* _DATA SHOWN_:
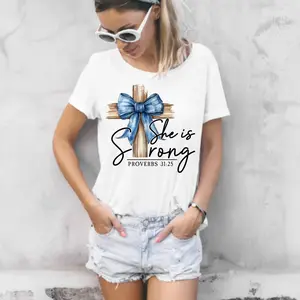 Graceful Easy-Durable Style "She Is Strong" Cross & Blue Bow Direct-To-Film (DTF) Ready-To-Press Print for T-Shirts (DIY Printmaking Embossing Accessory)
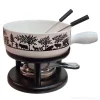Poya fondue pot white and black cutout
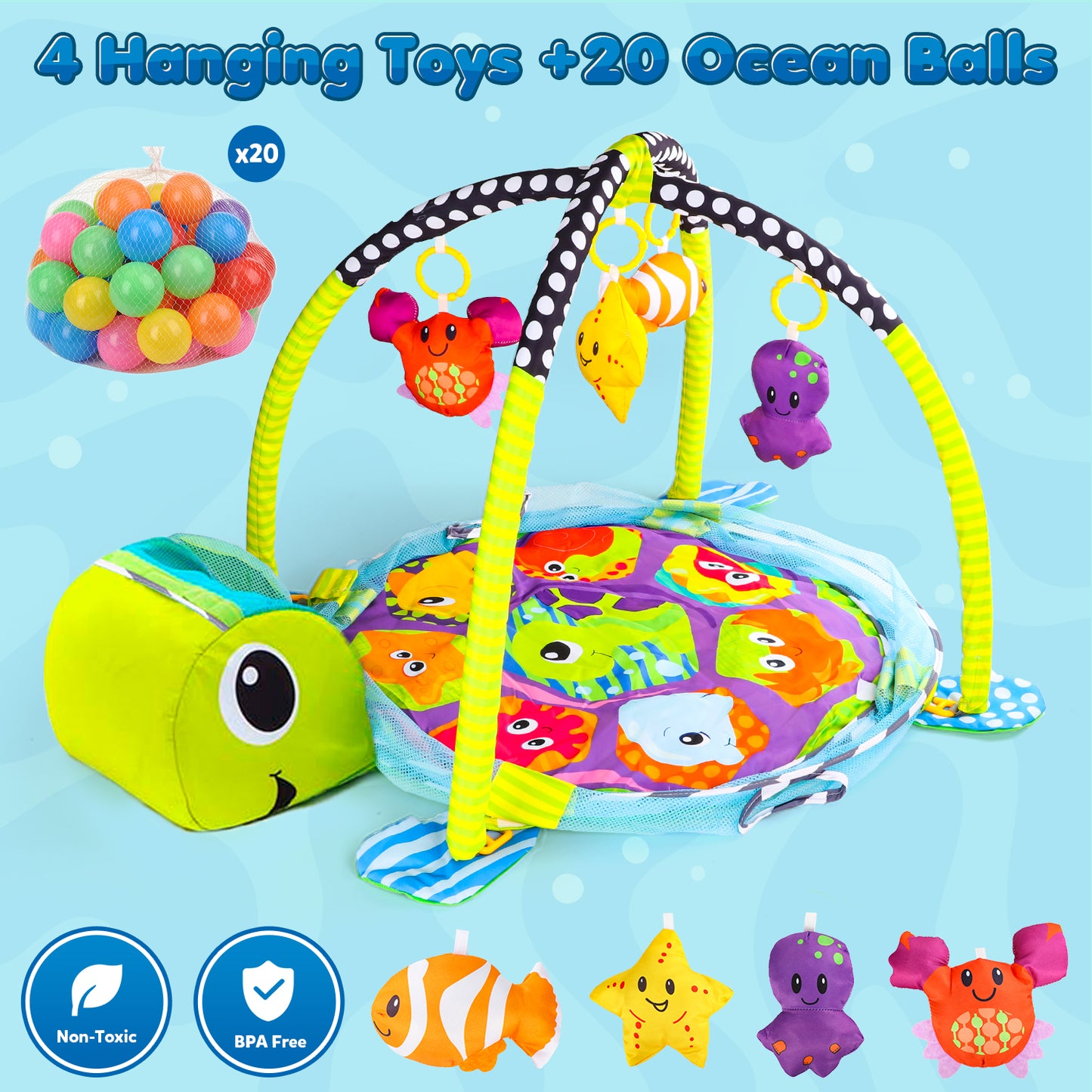 Baby Play Gym, 3 in 1 Baby Play Gym Activity Mat, with Hanging Toys and Ocean Balls, Gifts for Newborn Baby 0 to 3 6 9 12 Months, Green Turtle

* _ACTION ITEM_:
In your copy, include no pictures; print every line above exactly.

* _RESULT OF THE EXERCISE_:
 Graceful Easy-Durable Style "She Is Strong" Cross & Blue Bow Direct-To-Film (DTF) Ready-To-Press Print for T-Shirts (DIY Printmaking Embossing Accessory)
Poya fondue pot white and black cutout
 Baby Play Gym, 3 in 1 Baby Play Gym Activity Mat, with Hanging Toys and Ocean Balls, Gifts for Newborn Baby 0 to 3 6 9 12 Months, Green Turtle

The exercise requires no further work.